Yet more problems with Anderegg et al “denier black list” paper

Blog, Energy, Tom Harris

In “Climate scientists’ “consensus” based on a myth” I described how one of the sources of the idea that 97% of climate experts agree there is a human-induced climate crisis—“Examining the Scientific Consensus on Climate Change” by Doran and Zimmerman—was not a meaningful indicator of  expert opinion.

The other major source of the consensus myth isExpert credibility in climate change”, the 2010 paper in the Proceedings of the National Academy of Sciences of the United States by Anderegg et al.  On December 5, the CBC cited this poll, writing:

“In 2010, a survey of more than 1,000 of the most cited and published climate scientists found that 97 per cent of them believe climate change is very likely caused by the burning of fossil fuels.”

What the network don’t know, or chose to not tell readers about, is that many articles have taken this study apart. Here are some:

One of the major problems with the Anderegg et al study has not, to my knowledge, been discussed, namely the way it selects scientists to represent the two sides of the debate.

As has already been discussed by the authors of the above articles, dividing scientists into merely two groups makes no sense in such a complex field. Many scientists agree with some elements of the climate scare while disagreeing with others. Many scientists support the idea that, while humanity’s greenhouse gas (GHG, the one most discussed being carbon dioxide) emissions are causing some warming, it is not enough to be dangerous. Other experts dispute even the existence of the “greenhouse effect”.  Many scientists, perhaps the majority of experts in the field, simply say they do not know the degree to which our GHG emissions affect climate (“Ask me in ten years!” is a common answer).

But let’s examine the way Anderegg et al derive their lists of scientists in the fictitious two camps to see if it makes sense.

  1. The “convinced of the evidence”, or “CE” camp: Anderegg et al write in their paper. “We defined CE researchers as those who signed statements broadly agreeing with or directly endorsing the primary tenets of the IPCC Fourth Assessment Report that it is “very likely” that anthropogenic greenhouse gases have been responsible for “most” of the “unequivocal” warming of the Earth’s average global temperature [sic] in the second half of the 20th century.
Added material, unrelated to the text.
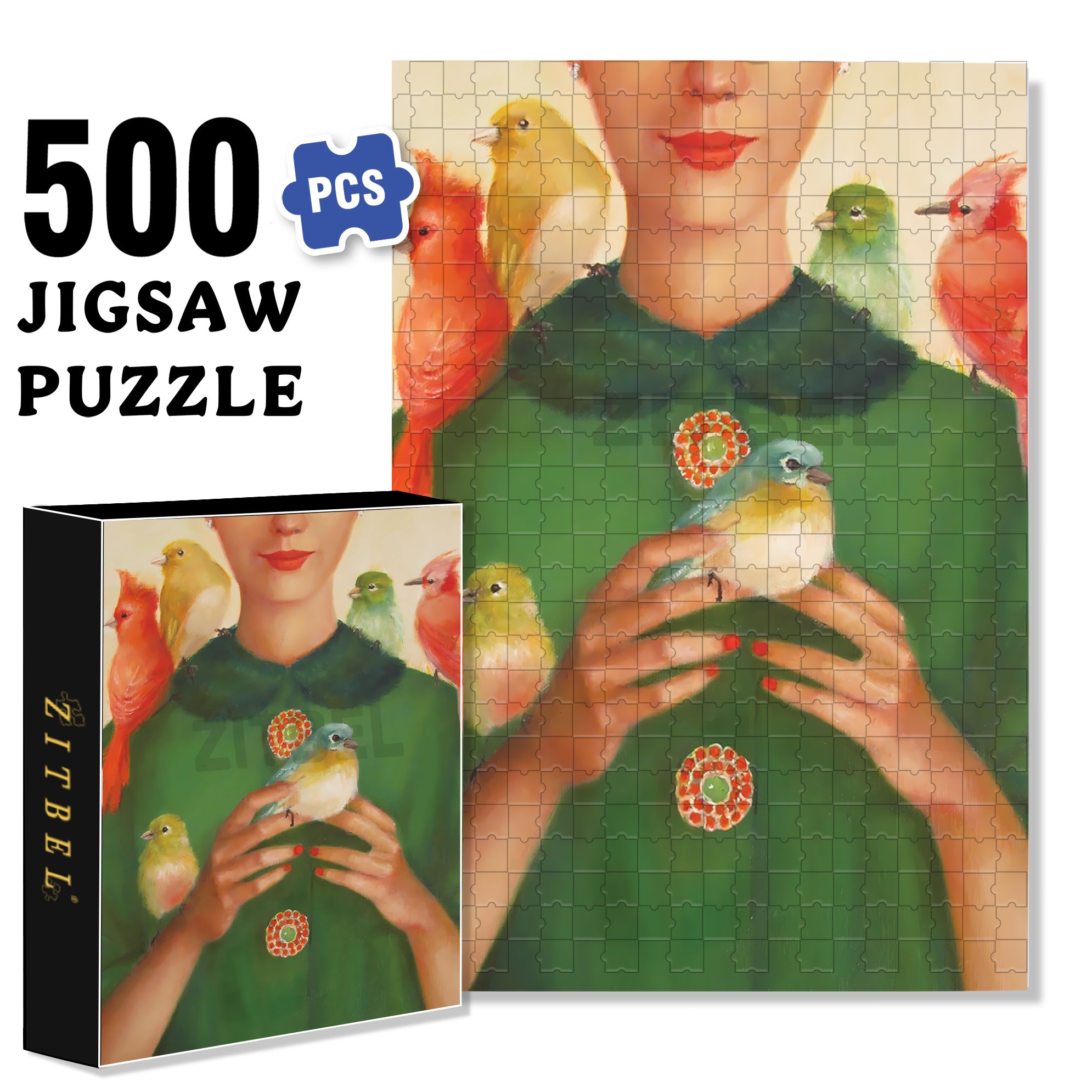 Ladybird 500pcs/1000pcs Jigsaw Puzzle, Scratch-Resistant, Interactive Family Game & Brain-Boosting DIY Decor, Perfect for Halloween, Christmas & New Year Gifts, Family Puzzle Game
We compiled these CE researchers comprehensively from the lists of IPCC AR4 Working Group I Contributors and four prominent scientific statements endorsing the IPCC (n = 903).”
  2. The “unconvinced of the evidence” or “UE”, camp: from the paper, “We defined UE researchers as those who have signed statements strongly dissenting from the views of the IPCC. We compiled UE names comprehensively from 12 [it was really 13] of the most prominent statements criticizing the IPCC conclusions (n = 472).”
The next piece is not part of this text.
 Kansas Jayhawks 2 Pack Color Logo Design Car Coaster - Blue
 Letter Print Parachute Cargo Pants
Of course, the issue they are examining is wrong. Of concern is not whether “anthropogenic greenhouse gases have been responsible for “most” of the “unequivocal” warming of the Earth’s average global temperature [sic] in the second half of the 20th century”. The public concern is whether scientists agree that we are due for dangerous warming and other problematic climate change due to continued GHG emissions. The past is past. It is the future we should be concerned about. Several authors point out that the Anderegg et al is therefore not helpful to today’s debate.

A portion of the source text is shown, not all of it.